Car, si la lettre a été reçue officiellement le 17 mars, comme en témoigne l’accusé de réception visible , elle n’est rendue publique qu’au cœur d’un bras de fer entre l’exécutif provincial et l’Assemblée, qui a mis en accusation le Gouverneur dans une affaire présumée de détournement de 3 millions de dollars. Le timing alimente donc la controverse.
Selon les communicateurs du gouverneur, la lettre est le révélateur d’un non-dit politique.
Dans l'entourage du gouverneur, la diffusion tardive du document est loin d’être anodine.
Elle est présentée comme une clé de lecture du climat conflictuel actuel. Pour ces défenseurs numériques de l'autorité provinciale, le refus du chef de l'exécutif d’accéder à la demande de parcelles aurait nourri une forme de frustration chez certains élus, devenue le véritable moteur caché de la procédure de mise en accusation initiée contre lui.
Selon cette interprétation, ce ne sont donc pas les griefs financiers officiels qui motivent l'acharnement contre le gouverneur, mais clairement le rejet d’un avantage matériel sollicité de manière informelle mais documentée.

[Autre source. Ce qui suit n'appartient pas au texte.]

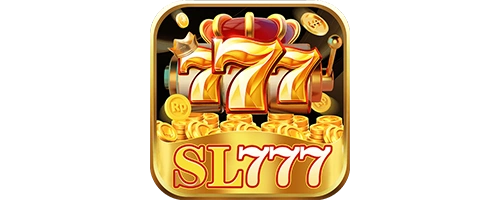Sl777 Jubung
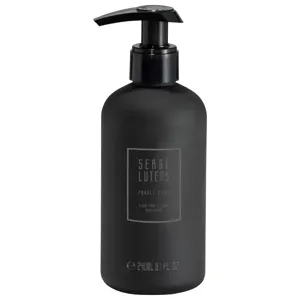 Serge Lutens Matin Lutens Parole D'Eau Cremas Corporales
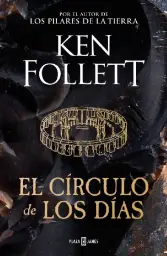 Imagen del producto 9788401036811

La publication du courrier aujourd’hui serait alors un acte de défense, une manière de montrer que certaines demandes institutionnelles pouvaient heurter les règles de gouvernance.
Dans le camp de l'organe délibérant, la réaction ne s’est pas fait attendre.
Via le réseau social Facebook, le président de la Commission Économique et Financière ( ECOFIN) de l’Assemblée provinciale, professeur François Kazadi Ntita a vigoureusement dénoncé ce qu’il qualifie de "tentative de diversion orchestrée par les proches du gouverneur".
Il insiste sur le fait que la lettre n’aurait jamais été débattue officiellement au sein de l’hémicycle ni convertie en acte parlementaire.
Pour lui, ce document ne saurait être utilisé comme argument pour discréditer la démarche des élus visant à faire la lumière sur la gestion des finances publiques.
Le président de l'ECOFIN soutient également que le fait pour le gouverneur d’avoir conservé la lettre sans réaction pendant deux mois pose question : "Pourquoi ne pas l’avoir dénoncée dès sa réception ? Pourquoi n’a-t-il pas saisi l’Inspection générale des finances ou la justice si cette demande était répréhensible ?" s'interroge-t-il.
Ce qui semble clair, c’est que la publication de ce document, dans ce contexte précis, sert les intérêts communicationnels de l’exécutif, qui cherche à inverser le récit dominant. Mais le délai de publication, l’absence de dénonciation immédiate et les éléments volontairement floutés suscitent aussi leur lot de soupçons dans l’opinion.
S’agit-il d’un acte de transparence ou d’une tentative de contre-feu ? Est-ce un acte de reddition de comptes ou une instrumentalisation défensive ? Le débat est ouvert.
Dans cette affaire, la lettre n’est plus seulement un texte administratif : elle est devenue une pièce politique, sortie du silence à un moment stratégiquement choisi.